When you walk through a sticky spiderweb, it may appear to be a nightmare, but it turns out to be a fantastic, organic commodity for measuring particulate contamination in the urban atmosphere.
Scientists used an interesting way of detecting this insidious air pollution problem in a new study, courtesy of something utterly natural and yet fairly widespread - spiderwebs.
"Spiders are found all over the world, including in cities," organic geochemist Barbara Scholz-Böttcher from the Carl von Ossietzky University of Oldenburg in Germany said.
"Their sticky webs are an ideal trap for anything that floats through the air."
Rebecca Süßmuth, a student researcher from Oldenburg, Germany, gathered spiderwebs tied to street-side bus stops as part of an experiment (with the webs situated about 2 meters or 6.5 ft off the ground).
When the researchers examined the web samples in the lab, they looked for several distinct types of plastic polymer formations; sure enough, the tests confirmed microplastics had attached to the webs.
"All the spiderwebs were contaminated with microplastics," co-author Isabel Goßmann, who worked on the research as part of her Ph.D. thesis, said.
According to the findings, microplastic contamination captured in spider webs can account for up to 10% of the total weight of the web and is composed of a variety of microplastics.
According to the researchers, around 90% of the debris was variants of PET (polyethylene terephthalate), with C-PET being the major polymer overall, likely produced from textile fibers.
Another source of microplastics was finely ground tire wear particles (TWP), which break off the outer part of tires during braking and acceleration and were expected to be detected in large quantities given the web collections' roadside position.
TWP rubbers are not technically plastics, but because of their synthetic origin, they are increasingly being included in definitions of microplastic contamination, according to the researchers.
Even if spiderweb sampling isn't as novel as you may assume, the findings serve as another sobering reminder of the pervasiveness of microplastic contamination. At the very least, we've uncovered a clever and inexpensive technique to help monitor the situation.

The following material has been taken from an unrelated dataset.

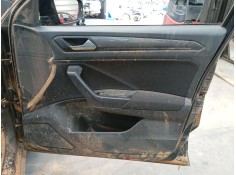 Recambio de guarnecido puerta delantera derecha para volkswagen t-roc (a11, d11) 1.5 tsi referencia OEM IAM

Spiderwebs have been employed for environmental testing reasons for at least 30 years, according to the scientists, but this is the first time they've been analyzed for microplastics, and these naturally occurring traps didn't disappoint.
"The sampling is simple and no special sampling devices are necessary," the researchers write in their paper.
The findings are reported in Science of the Total Environment.